Figure 5 shows the last 10 epochs of the training process. In the case of the model without temporal attention, the accuracy oscillates between 89.6% to 89.9%, with a mean accuracy of 89.72%. While the performance of the model with temporal attention is stable at around 89.9% and an average of 89.87%. Therefore, though the final accuracy of the two models is the same, the one with temporal attention proved to be more consistent and superior. Because of these reasons, the STA-GCN module with temporal attention is chosen as the main building block of the final skeleton-based action recognition model.

Fig. 5.
figure 5

Comparison between models with and without temporal attention.

4.4 Results

We adopt the same multi-stream fusion framework as [1, 21], by fusing four different modalities of data: joint, bone, joint motion, and bone motion. The comparisons in classification accuracy of our approach with other graph-based methods is demonstrated in Table 3.

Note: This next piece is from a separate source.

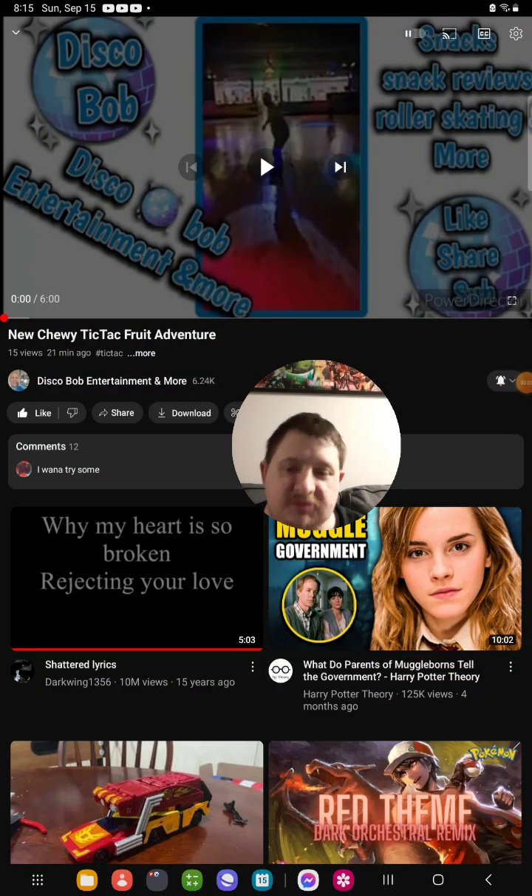Hello everyone, it's Chip again. Today I'm going to be doing another brand new reaction video. I'm going to be doing another video from Diskebob Entertainment — a video of his that I reacted to, which he uploaded like 37 minutes ago. The video I'm going to react to is called New Chewy Tic Tac Fruit Adventure.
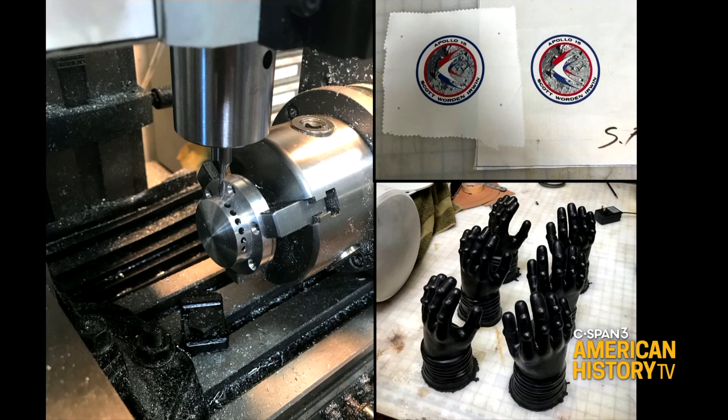I even cast replica neoprene convolutes for the suits — not to hold any pressure because they're just costumes, but just to make sure the suits are kind of the right shape.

On NTU-RGB+D60, the final STA-GCN model beats earlier methods [6, 11, 25], and some recent GCN-based methods such as [9, 16, 21, 28, 29], but cannot outperform the current state-of-the-arts [1, 2] in Xsub and Xview. However, compared to other methods that also implemented self-attention on temporal domain [17, 18, 22, 31, 32], our STA-GCN has a clear advantage, especially on Xsub setting. For NTU-RGB+D 120 dataset, the evaluation quality is the same. STA-GCN still outperforms [17, 18, 22, 31, 32] in both Xsub and Xset metrics. When compared to ST-TR [17], the method that is most similar to our approach, STA-GCN achieved closed performance on the NTU-RGB+D60 but outperforms by a large margin on the NTU-RGB+D120. Besides, STA-GCN under-performs CTR-GCN [1] by 0.4% and 0.2% and InfoGCN by 1.3% and 0.8% on Xsub and Xset settings of the NTU-RGB+D120.

Table 3. Classification accuracy compared with state-of-the-art methods on the NTU-RGB+D60 and NTU-RGB+D120 datasets.

As previously mentioned, F1-score measurement is also carried out for some related methods that published their model weights, specifically MS-G3D [16] and CTR-GCN [1]. The measurement is shown in Table 4. Because NTU-RGB+D60 and NTU-GRB+D120 is fairly balanced datasets, the F1-scores did not vary much from the accuracy measurements.

Table 4. F1-score measurement results

5 Conclusion

In this study, a spatio-temporal attentional graph convolution network for skeleton-based action recognition is presented. As the results attest, the combination of GCN, self-attentions, and temporal convolutions can effectively learn features and joint relationships from the action sequences. Compared to the state-of-the-arts on two common datasets NTU-RGB+D60 and NTU-RGB+D120, the proposed model STA-GCN achieved competitive classification performance. In the future, we believe it is worthwhile to put more focus on the modeling of micro-movements in human limbs, in order to increase the classification performance of the model in those challenging situations.